Les découvertes des manuscrits de la mer morte
L'an 1947 ouvrit une période nouvelle dans la longue histoire bimillénaire de l'Église, qui retrouva cette année là, dans les grottes de Qumrân, sur les rives de la mer Morte, toutes les archives de sa fondation : depuis la conquête de la Terre promise par Josué jusqu'à la plénitude des temps évangéliques et apostoliques ouverts par Jean-Baptiste (automne 27), achevés par la ruine de Jérusalem (automne 70). L'abondance de la documentation, sans égale, impose l'idée d'une volonté divine, providentielle, conduisant « la plus grande découverte de manuscrits des temps modernes ».
TOUT COMMENÇA À BETHLÉEM, EN JUDÉE…
Un jour de 1947, l'évêque de rite syrien, Mar Athanase José Samuel, fit l'acquisition, sur le marché des antiquités, à Jérusalem, de quatre grands rouleaux de cuir fin, couverts d'écriture hébraïque ancienne. (...) Des bédouins de la tribu des Ta'amireh, arabes semi-nomades du désert de Judée, les avaient présentés avec deux jarres de terre cuite dans lesquelles, disaient-ils, ils les avaient trouvés, à un antiquaire de Bethléem, la ville où ils faisaient leur marché.

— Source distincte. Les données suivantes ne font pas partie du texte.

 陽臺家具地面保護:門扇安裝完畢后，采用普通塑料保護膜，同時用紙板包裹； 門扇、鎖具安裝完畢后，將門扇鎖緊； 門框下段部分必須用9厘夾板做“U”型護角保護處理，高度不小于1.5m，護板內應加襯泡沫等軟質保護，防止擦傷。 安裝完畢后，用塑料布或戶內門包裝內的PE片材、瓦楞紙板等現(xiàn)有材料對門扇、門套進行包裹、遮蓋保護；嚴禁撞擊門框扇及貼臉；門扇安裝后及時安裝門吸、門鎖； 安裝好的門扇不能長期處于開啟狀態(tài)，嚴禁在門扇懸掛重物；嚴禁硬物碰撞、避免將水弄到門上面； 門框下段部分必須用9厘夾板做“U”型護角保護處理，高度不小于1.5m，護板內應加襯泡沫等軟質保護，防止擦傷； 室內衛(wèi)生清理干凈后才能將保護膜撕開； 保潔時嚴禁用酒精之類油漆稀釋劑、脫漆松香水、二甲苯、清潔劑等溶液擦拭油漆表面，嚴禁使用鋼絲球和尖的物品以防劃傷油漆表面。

Un trésor jamais vu : entre autres, un texte complet d'Isaïe, un exemplaire de la “ Règle de la communauté ” (tous deux copiés vers 100 av. J.-C.), un commentaire du prophète Habacuc, un recueil d'Hymnes, le rouleau de la Guerre.

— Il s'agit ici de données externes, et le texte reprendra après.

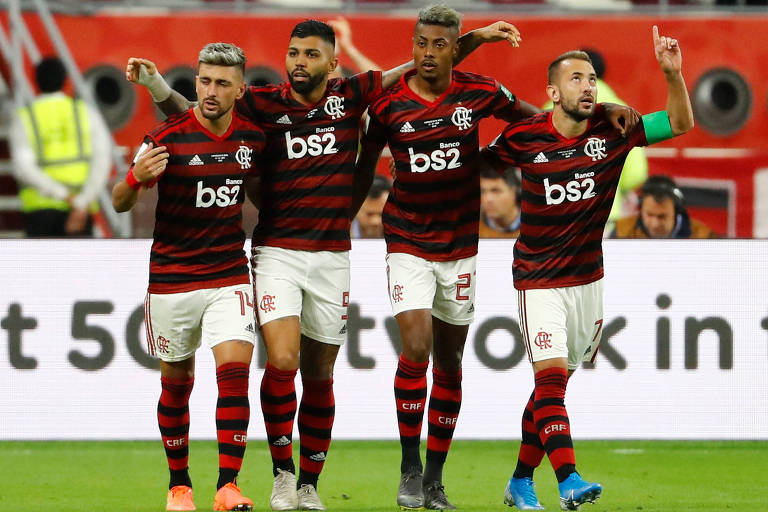 Jogadores do Flamengo comemoram gol diante do Al-Hilal, na semifinal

Il fallut deux ans pour remonter la filière jusqu'à la grotte au trésor. Découverte en 1949 dans la falaise qui domine le rivage de la mer Morte, cette grotte fut fouillée du 15 février au 5 mars. (...) Une abondante récolte de tessons d'une poterie hellénistique (IIe siècle av. J.-C.) permit de reconstituer une jarre semblable aux deux autres. Le reste montrait que la grotte en avait contenu, jadis, une cinquantaine.
À n'en pas douter, ces jarres avaient renfermé les manuscrits dont près de six cents débris en cuir fin, couverts d'une écriture hébraïque semblable à celle des grands rouleaux, jonchaient le sol. La coutume de conserver les écrits de cette manière est attestée dans la littérature égyptienne depuis la XXe dynastie (XIIe siècle avant J.-C.), et dans la Bible elle-même. (...)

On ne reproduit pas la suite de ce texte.